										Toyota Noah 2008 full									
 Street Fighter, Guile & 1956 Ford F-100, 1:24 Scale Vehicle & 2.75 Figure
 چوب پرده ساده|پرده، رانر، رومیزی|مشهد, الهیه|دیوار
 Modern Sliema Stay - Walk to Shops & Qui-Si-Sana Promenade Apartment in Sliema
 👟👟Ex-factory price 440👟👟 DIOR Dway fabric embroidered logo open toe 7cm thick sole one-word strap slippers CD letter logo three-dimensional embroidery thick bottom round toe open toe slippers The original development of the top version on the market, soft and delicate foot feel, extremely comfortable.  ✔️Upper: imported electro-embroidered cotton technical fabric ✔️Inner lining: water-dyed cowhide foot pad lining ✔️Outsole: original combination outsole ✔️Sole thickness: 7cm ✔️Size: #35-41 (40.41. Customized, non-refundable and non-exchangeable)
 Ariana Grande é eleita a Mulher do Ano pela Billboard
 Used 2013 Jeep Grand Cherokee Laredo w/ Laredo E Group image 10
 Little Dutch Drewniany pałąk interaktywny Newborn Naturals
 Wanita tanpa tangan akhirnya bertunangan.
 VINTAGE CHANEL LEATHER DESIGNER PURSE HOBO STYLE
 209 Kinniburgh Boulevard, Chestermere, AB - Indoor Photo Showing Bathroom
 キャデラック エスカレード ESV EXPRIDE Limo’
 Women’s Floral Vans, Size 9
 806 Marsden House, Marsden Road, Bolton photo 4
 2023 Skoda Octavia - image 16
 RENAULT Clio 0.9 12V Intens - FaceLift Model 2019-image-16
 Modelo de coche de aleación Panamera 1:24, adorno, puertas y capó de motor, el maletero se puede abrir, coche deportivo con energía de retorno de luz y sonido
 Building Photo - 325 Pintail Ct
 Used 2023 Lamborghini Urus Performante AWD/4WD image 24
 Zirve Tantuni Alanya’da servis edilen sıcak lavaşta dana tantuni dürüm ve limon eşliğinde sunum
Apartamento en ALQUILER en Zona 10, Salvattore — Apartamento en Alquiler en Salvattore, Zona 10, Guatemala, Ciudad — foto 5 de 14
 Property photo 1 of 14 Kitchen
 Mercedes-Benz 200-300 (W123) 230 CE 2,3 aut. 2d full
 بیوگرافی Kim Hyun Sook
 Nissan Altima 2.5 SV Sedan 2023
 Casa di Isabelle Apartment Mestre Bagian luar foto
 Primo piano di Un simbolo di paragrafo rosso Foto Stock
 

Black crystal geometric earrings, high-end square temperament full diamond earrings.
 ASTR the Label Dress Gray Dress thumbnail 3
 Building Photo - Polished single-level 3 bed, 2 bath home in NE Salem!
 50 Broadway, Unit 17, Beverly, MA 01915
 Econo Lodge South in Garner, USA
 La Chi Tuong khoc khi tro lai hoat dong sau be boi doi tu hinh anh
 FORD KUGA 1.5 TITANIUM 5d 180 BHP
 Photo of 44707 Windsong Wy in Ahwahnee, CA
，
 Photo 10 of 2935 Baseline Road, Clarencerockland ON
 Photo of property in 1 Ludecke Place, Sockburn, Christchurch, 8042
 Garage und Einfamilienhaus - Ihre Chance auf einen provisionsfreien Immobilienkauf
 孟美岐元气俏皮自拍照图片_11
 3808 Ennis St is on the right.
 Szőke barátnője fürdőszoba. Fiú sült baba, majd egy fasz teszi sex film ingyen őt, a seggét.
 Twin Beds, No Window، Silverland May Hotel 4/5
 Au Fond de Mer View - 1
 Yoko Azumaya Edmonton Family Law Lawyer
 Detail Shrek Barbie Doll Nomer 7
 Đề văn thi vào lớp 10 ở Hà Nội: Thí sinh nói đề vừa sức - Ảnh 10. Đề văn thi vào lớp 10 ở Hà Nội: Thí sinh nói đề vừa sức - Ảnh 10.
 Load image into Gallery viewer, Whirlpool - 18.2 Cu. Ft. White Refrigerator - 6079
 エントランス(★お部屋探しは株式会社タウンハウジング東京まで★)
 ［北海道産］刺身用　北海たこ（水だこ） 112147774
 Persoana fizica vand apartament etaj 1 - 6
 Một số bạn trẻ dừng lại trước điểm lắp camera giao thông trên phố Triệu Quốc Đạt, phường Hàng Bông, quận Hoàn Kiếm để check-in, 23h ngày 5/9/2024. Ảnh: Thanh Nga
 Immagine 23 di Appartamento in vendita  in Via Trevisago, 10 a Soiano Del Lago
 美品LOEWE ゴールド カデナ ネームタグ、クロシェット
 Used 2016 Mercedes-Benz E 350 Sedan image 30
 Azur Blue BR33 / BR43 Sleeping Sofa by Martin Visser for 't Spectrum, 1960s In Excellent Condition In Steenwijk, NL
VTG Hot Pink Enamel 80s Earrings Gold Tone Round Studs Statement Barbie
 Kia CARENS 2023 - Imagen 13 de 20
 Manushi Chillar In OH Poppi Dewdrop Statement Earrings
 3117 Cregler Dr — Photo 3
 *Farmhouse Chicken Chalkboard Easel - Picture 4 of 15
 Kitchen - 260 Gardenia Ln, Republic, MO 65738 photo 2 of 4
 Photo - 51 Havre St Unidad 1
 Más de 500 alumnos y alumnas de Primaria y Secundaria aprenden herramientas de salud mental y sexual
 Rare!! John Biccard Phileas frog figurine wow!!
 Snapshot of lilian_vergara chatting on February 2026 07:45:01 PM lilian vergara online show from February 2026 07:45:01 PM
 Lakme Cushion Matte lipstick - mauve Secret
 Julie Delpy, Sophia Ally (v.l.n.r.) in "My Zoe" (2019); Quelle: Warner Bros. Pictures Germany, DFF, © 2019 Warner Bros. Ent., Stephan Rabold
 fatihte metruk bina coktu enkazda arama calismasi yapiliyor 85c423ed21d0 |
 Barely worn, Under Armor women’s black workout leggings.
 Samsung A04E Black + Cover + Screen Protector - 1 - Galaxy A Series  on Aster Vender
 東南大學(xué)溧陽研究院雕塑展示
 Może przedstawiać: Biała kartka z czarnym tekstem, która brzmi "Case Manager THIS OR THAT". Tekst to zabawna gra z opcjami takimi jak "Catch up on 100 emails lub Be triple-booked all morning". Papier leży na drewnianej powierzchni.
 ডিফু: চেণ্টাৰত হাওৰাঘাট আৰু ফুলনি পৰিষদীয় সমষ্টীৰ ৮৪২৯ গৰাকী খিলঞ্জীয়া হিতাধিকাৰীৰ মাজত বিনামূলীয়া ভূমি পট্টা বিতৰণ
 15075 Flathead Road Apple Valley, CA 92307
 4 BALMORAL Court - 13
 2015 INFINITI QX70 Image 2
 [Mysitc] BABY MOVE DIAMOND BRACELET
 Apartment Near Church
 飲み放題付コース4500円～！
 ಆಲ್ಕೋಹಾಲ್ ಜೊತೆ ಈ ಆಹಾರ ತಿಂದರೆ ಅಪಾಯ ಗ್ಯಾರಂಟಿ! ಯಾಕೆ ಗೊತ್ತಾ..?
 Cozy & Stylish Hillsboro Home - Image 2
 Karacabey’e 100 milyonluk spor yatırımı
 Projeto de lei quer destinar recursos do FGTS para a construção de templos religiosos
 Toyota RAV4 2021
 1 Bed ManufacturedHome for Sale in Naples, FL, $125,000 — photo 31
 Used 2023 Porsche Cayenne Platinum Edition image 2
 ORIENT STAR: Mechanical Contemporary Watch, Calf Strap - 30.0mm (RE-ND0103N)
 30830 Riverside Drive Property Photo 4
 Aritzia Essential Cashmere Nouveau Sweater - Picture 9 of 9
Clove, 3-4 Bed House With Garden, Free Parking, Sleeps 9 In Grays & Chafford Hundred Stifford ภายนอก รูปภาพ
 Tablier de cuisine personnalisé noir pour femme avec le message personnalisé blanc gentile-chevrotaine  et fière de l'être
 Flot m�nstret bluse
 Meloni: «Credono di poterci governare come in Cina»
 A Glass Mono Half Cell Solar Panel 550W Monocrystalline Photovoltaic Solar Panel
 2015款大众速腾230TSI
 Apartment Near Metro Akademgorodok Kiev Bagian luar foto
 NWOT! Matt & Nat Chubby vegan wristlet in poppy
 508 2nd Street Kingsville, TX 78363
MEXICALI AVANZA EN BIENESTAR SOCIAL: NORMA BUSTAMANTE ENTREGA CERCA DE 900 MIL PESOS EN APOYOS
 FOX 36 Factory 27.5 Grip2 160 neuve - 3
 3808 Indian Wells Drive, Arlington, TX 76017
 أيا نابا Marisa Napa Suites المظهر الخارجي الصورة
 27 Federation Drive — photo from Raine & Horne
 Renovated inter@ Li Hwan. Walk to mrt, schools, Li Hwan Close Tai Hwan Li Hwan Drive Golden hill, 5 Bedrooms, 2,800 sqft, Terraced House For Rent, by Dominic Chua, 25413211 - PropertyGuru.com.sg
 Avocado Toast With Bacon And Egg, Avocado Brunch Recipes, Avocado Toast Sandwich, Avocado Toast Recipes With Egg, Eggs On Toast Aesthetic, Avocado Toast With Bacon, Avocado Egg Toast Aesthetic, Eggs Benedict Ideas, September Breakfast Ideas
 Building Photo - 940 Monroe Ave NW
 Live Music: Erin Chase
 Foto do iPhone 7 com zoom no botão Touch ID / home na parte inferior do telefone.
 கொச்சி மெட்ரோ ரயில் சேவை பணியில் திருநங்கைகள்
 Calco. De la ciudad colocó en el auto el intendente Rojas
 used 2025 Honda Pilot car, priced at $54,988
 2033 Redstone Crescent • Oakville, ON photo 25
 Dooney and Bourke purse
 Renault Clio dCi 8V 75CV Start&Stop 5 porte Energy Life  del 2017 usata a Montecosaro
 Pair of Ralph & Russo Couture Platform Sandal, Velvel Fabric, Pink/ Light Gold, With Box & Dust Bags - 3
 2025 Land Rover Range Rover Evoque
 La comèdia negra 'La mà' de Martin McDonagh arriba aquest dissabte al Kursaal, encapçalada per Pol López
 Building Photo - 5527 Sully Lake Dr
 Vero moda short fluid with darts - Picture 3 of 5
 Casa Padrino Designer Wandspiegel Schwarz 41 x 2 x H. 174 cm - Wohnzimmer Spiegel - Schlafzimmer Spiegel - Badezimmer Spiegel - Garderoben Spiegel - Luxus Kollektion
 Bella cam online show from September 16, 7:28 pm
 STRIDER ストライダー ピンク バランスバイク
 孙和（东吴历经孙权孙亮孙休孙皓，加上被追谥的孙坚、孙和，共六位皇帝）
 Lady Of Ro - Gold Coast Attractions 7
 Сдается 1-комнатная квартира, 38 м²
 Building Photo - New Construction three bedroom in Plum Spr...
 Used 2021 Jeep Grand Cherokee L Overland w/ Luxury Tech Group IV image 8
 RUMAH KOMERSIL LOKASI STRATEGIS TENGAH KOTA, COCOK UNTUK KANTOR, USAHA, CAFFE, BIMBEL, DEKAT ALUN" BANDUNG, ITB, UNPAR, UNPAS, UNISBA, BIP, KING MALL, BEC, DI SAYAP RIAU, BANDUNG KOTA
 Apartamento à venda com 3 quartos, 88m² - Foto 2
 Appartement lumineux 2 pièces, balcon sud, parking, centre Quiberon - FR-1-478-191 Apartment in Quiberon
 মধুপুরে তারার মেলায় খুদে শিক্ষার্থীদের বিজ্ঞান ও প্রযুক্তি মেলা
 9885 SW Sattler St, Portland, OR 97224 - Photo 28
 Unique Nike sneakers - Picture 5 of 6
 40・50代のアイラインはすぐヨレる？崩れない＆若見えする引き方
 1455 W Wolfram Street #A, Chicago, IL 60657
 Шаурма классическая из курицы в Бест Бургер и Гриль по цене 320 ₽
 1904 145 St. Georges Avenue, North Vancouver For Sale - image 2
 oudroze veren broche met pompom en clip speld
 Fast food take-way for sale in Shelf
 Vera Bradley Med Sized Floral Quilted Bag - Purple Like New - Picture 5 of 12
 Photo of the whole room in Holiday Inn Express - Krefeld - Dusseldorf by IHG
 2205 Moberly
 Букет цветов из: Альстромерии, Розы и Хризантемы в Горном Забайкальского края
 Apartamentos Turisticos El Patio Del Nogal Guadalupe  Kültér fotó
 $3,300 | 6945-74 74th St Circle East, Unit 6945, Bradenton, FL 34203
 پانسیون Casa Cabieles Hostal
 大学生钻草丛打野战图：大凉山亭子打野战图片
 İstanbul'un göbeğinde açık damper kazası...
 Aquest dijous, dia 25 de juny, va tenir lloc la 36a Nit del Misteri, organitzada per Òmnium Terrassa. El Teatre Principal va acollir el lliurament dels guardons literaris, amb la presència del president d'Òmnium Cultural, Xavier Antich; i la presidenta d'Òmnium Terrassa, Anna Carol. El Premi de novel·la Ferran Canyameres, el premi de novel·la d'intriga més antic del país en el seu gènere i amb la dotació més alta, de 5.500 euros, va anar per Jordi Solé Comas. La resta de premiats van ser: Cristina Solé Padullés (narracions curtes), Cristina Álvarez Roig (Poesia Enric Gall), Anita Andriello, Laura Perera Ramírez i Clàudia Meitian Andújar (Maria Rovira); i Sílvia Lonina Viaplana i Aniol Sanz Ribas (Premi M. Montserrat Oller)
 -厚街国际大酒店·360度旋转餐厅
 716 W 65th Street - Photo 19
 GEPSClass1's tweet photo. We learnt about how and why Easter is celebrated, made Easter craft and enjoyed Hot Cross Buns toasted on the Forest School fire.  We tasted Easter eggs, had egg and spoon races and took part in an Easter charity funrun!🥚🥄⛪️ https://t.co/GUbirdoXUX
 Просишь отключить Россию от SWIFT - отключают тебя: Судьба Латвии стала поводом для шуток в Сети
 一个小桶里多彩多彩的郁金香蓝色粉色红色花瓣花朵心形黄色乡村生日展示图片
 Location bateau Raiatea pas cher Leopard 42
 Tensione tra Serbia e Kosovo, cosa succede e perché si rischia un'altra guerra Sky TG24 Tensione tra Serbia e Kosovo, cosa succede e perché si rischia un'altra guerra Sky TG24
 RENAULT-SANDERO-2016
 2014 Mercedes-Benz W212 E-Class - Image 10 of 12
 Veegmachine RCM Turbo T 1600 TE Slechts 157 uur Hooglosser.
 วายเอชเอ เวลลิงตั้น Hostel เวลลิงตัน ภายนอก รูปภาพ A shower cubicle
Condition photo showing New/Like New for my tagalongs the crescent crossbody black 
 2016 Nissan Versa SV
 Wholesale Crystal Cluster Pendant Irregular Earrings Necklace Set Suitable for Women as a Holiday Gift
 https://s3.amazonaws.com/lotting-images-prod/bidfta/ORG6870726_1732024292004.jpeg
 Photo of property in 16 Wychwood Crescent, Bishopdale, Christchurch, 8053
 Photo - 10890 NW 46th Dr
..............................
## PROBLEM DESCRIPTION
Output the material above exactly, but only from the line that carries "Au Fond de Mer View - 1" through the line that carries "Persoana fizica vand apartament etaj 1 - 6".

## YOUR RESPONSE
 Au Fond de Mer View - 1
 Yoko Azumaya Edmonton Family Law Lawyer
 Detail Shrek Barbie Doll Nomer 7
 Đề văn thi vào lớp 10 ở Hà Nội: Thí sinh nói đề vừa sức - Ảnh 10. Đề văn thi vào lớp 10 ở Hà Nội: Thí sinh nói đề vừa sức - Ảnh 10.
 Load image into Gallery viewer, Whirlpool - 18.2 Cu. Ft. White Refrigerator - 6079
 エントランス(★お部屋探しは株式会社タウンハウジング東京まで★)
 ［北海道産］刺身用　北海たこ（水だこ） 112147774
 Persoana fizica vand apartament etaj 1 - 6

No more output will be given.